What’s different: One of the challenges in launching the course was distinguishing its goals from DePaul’s Chicago Quarter, which is the first-year precollege experience. Baglia compares the college experience to taking an international vacation: While you might have a guidebook and plan well for the experience beforehand, once you’re in country, you face challenges you didn’t anticipate or may be overwhelmed.

Orientation is the guidebook students receive before going abroad, and the Communication for Success Class is their tour guide along the way.

“I think across the country, universities and college professors are recognizing that scaffolding is really the way to go, particularly with first-generation college students,” Baglia says. “They don’t always have the language or the tools or the support or the conversations at home that prepare them for the strangeness of living on their own [and navigating higher education].”

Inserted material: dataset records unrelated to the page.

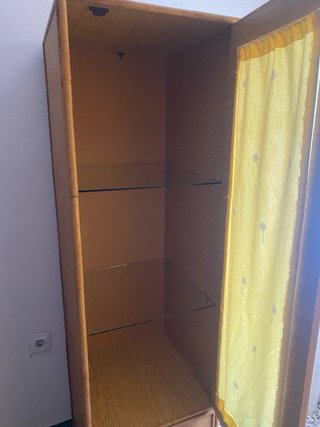 Mueble de bambú y mimbre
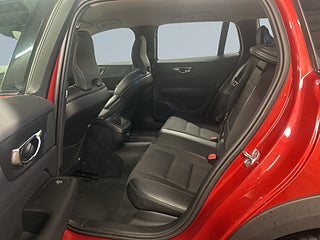 Volvo V60 Cross Country D4 AWD Automat Drag/Kamera/M-Värm/P-Värm/LED/S&V-Däck – bild 13
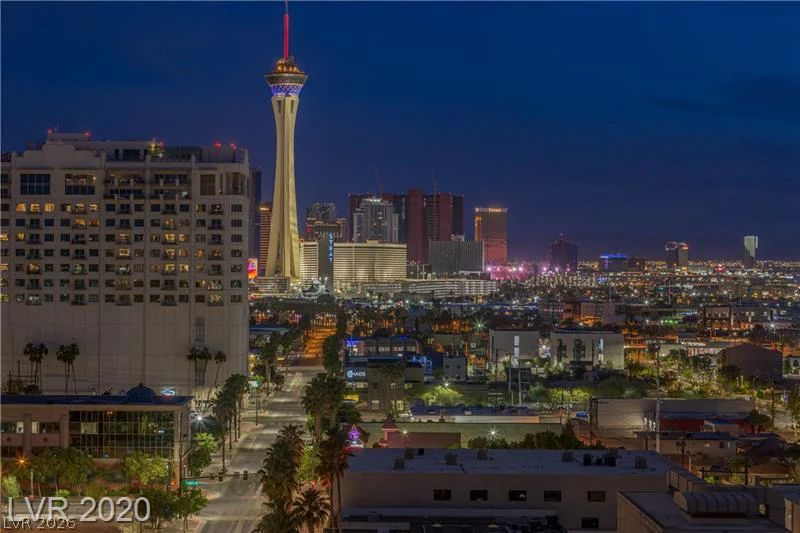 353 Bonneville, Las Vegas, NV 89101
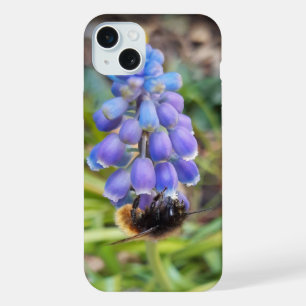 ビーオンムスカリArmeniacumグレープヒヤシンス iPhone 15 Plusケース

A unique facet of the course is that it’s offered between weeks three and seven in the semester, starting immediately after the add-drop period concludes and continuing until midterms. This delayed-start structure means the students enrolled in the course are often looking for additional credits to keep their full-time enrollment status, sometimes after dropping a different course.

The timing of the course also requires a little time and trust, because most students register for it later, not during the course registration period. Baglia will be teaching the spring 2025 term and, as of Jan. 10, he only has two students registered.

“It has not been easy convincing the administrators in our college to give it some time … Students have to register for this class [later],” Baglia says.

The results: Foster, Knight and Baglia used a small grant to study the effects of the intervention and found, through the data, a majority of students identified time management and developing a growth mindset as the tools they want to keep working on, with just under half indicating self-care and 40 percent writing about classroom engagement.

In their essays, students talked about mapping out their deadlines for the semester or using a digital calendar to stay on top of their schedules. Students also said they were more likely to view challenges as opportunities for growth or consider their own capabilities as underdeveloped, rather than stagnant or insufficient.

The intervention has already spurred similar innovation within the university, with the College of Science and Health offering a similar life skills development course.

Course organizers don’t have plans to scale the course at present, but they are considering ways to collect more data from participants after they finish the course and compare that to the more general university population.